Maybe you have experienced it before. You expected a dear friend to stay with you through a difficult situation, but he or she wasn’t there and that make you hold grudges against that person. You expected your mum to understand you, but she didn’t so you started hating her. You expected your partner to accept you for who you are, but he or she wants some part of you to change, and you felt unloved. You expected to make it big in your business venture, but it didn’t so you felt you are a failure.
Expectation vs. Hope
You probably have heard this many times: “Expect the worst, hope for the best.” In his book The Awakened Heart, Dr Gerald May, a US psychiatrist for 25 years, defines expectation as a “rigid clinging to unreal belief.” Expectation is demanding exactly what we want to happen regardless of what is actually happening. That means even if we know that it may not be possible, we still hold on to that belief that it is. And because of this, expectation is also rigid. It doesn’t change when it has to, leaving the person stuck in a dark place. That means we hold on to them. Some people can’t give it up. Some won’t let it go.
Hope on the other hand is much different. While expectation is assuming that something will happen, hope is wishing that something will happen. Unlike the latter, hope is flexible. It changes depending on the situation, and responds well to it. And since hope comes with uncertainty, it does not die when it goes unmet. So when things don’t go the way you hoped for, it doesn’t lead to disappointment. It doesn’t discourage you. You still find yourself hoping.
The Secret to Happiness
A recent study by the University College of London indicates that the secret to happiness is setting low expectations. As lead author and neuroscientist Robb Rutledge puts it, “Happiness depends not on how well things are going but whether things are going better or worse than expected.”
“We find that there is some truth to this: Lower expectations make it more likely that an outcome will exceed those expectations and have a positive impact on happiness.”
It’s not that you should walk around gloomy all of the time. Having expectations at all for a lunch date with a friend for instance, can lift your spirits as soon as you start planning out, Rutledge explained. But anticipating the greatest meal of your life could result in feeling pretty disappointed. In the first part of the study, 26 subjects made decisions that led to financial wins or losses, while being monitored by an MRI machine. After analysing the brain scans, researchers found that it was not the amount of total money or points won that mattered — it was how winning or losing stacked up to expectations formed during past experiences.
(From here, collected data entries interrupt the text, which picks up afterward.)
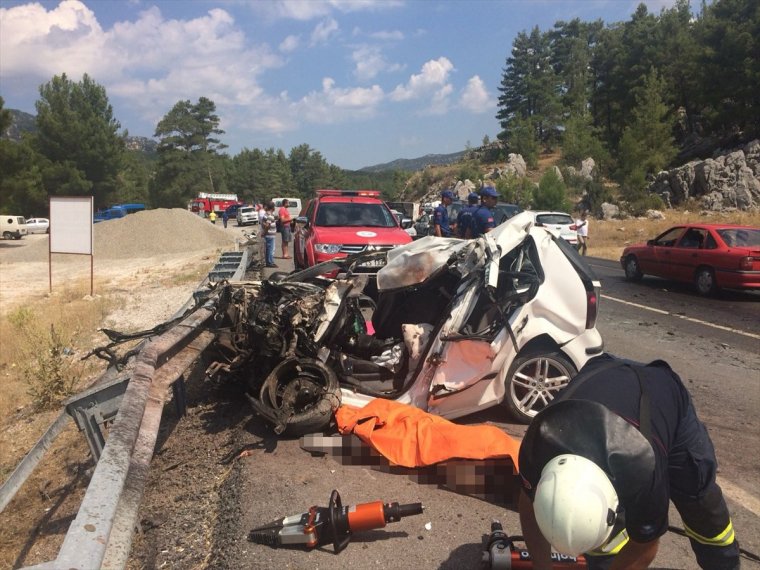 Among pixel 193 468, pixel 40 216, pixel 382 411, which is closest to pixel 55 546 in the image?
pixel 193 468

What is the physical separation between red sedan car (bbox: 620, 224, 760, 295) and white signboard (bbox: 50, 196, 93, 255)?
13.9 meters

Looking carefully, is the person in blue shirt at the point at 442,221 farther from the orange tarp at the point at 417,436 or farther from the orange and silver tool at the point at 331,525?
the orange and silver tool at the point at 331,525

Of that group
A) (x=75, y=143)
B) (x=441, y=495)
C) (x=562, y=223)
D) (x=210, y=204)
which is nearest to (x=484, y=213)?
(x=441, y=495)

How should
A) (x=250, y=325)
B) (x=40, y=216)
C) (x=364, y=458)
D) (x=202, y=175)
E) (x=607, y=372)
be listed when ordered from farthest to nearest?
(x=202, y=175) < (x=40, y=216) < (x=250, y=325) < (x=364, y=458) < (x=607, y=372)

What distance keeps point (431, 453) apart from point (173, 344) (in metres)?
1.91

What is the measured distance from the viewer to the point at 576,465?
67.9 inches

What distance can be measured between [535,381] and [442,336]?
0.94 meters

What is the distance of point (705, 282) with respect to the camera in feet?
41.2

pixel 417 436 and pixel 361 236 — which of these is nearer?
pixel 417 436

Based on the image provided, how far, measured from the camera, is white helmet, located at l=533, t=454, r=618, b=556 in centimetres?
165

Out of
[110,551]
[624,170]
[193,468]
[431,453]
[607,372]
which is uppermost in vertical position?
[624,170]

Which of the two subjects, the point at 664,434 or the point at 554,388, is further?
the point at 554,388

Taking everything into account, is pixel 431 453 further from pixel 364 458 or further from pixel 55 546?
pixel 55 546

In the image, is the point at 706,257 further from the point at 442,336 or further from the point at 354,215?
the point at 442,336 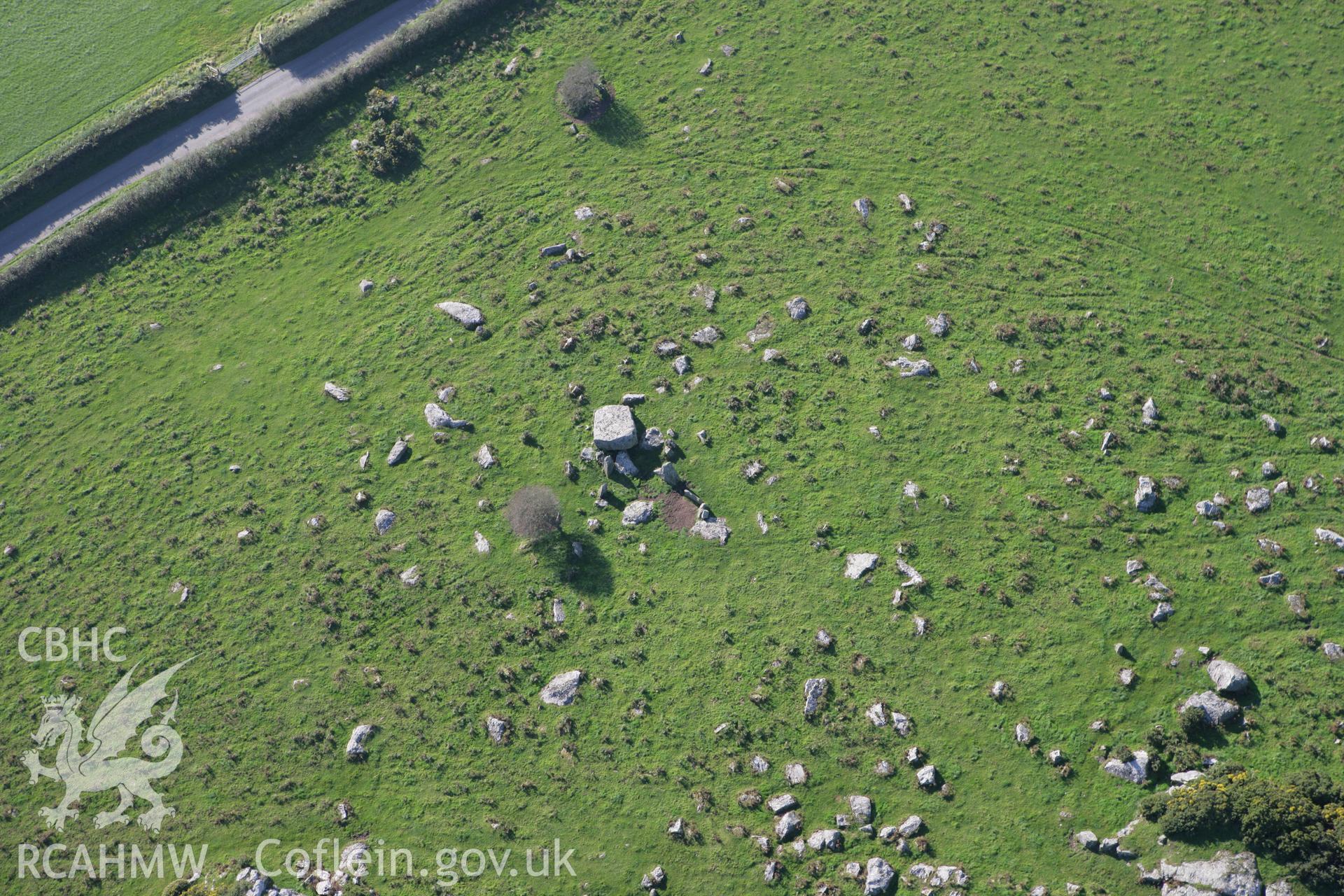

So there you have it. If you want to be happier, lower your expectations. Expect no good things to come to you. This doesn’t mean you should be all negative. In fact, not expecting is one of the positive traits of optimistic people. They are cheerful because they are able to hope for the best, but still see good things even in worse situations.
Low expectation is especially beneficial for building and maintaining relationship with others. We appreciate our friends and family more for every single thing they do for us, when we are not driven by expectations. We’re happier to accept other people’s difficult behaviours when we expect less from them. Not only will we become happier, we will also become more compassionate towards others.
So there you have it. If you want to be happier and more compassionate in life, lower your expectations. With less expectation, there’s greater happiness and fewer disappointments.